[Extracted information]
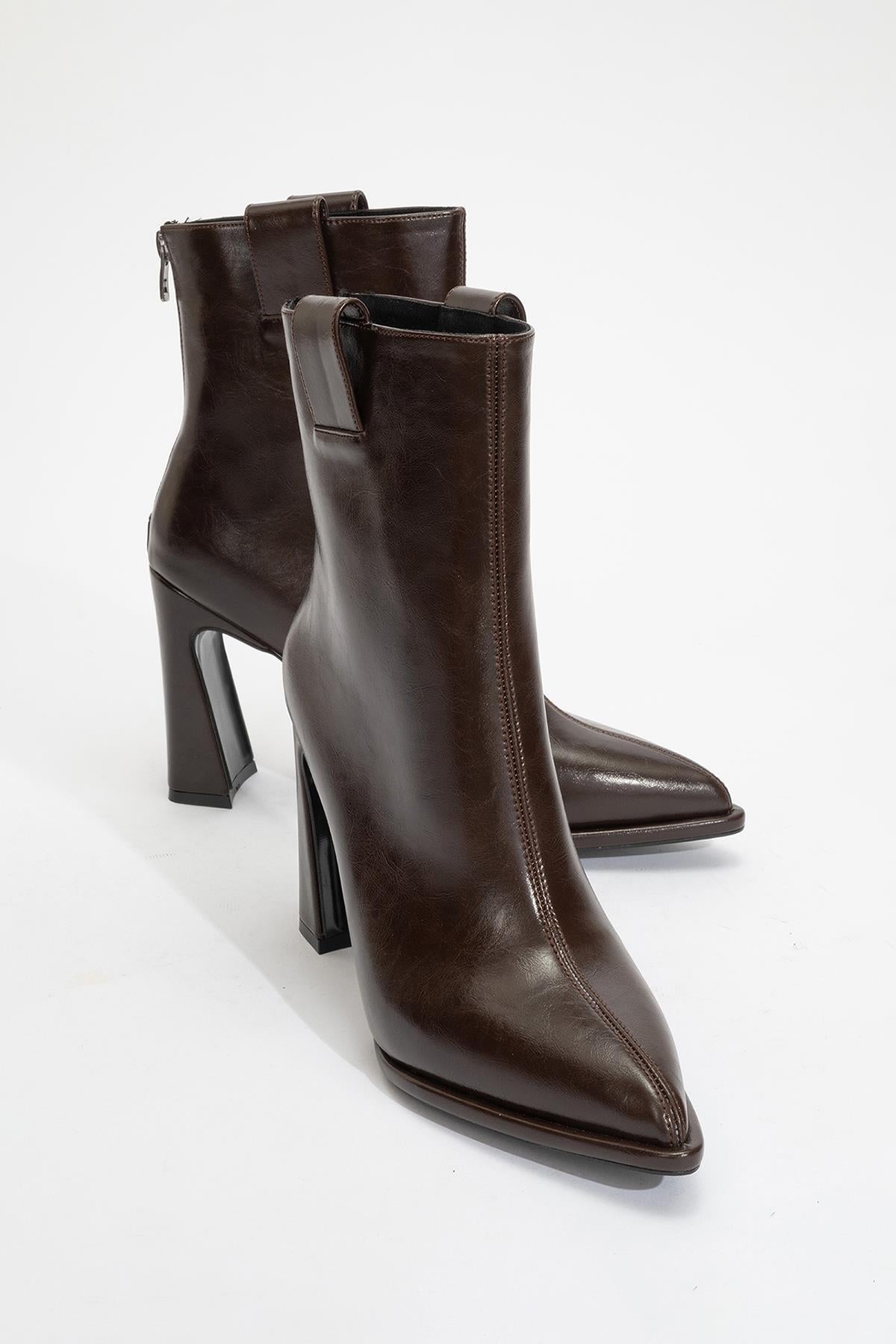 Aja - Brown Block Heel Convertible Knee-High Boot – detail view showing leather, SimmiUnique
[/Extracted information]
[Extracted information]
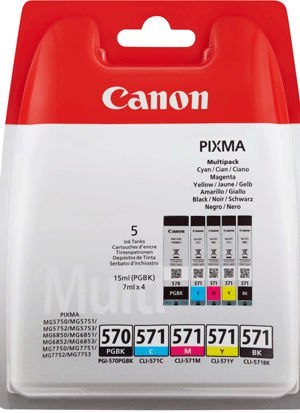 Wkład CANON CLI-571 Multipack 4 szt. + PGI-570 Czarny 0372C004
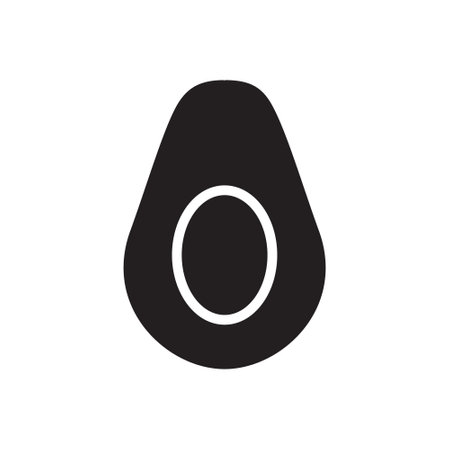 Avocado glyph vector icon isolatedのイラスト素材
[/Extracted information]
--- What the task requires ---
Set the pictures aside and reproduce exactly the lines above, from the line holding "Wkład CANON CLI-571" through the line holding "Avocado glyph vector icon isolatedのイラスト素材", both included, with nothing else.

--- Exercise response ---
 Wkład CANON CLI-571 Multipack 4 szt. + PGI-570 Czarny 0372C004
 Avocado glyph vector icon isolatedのイラスト素材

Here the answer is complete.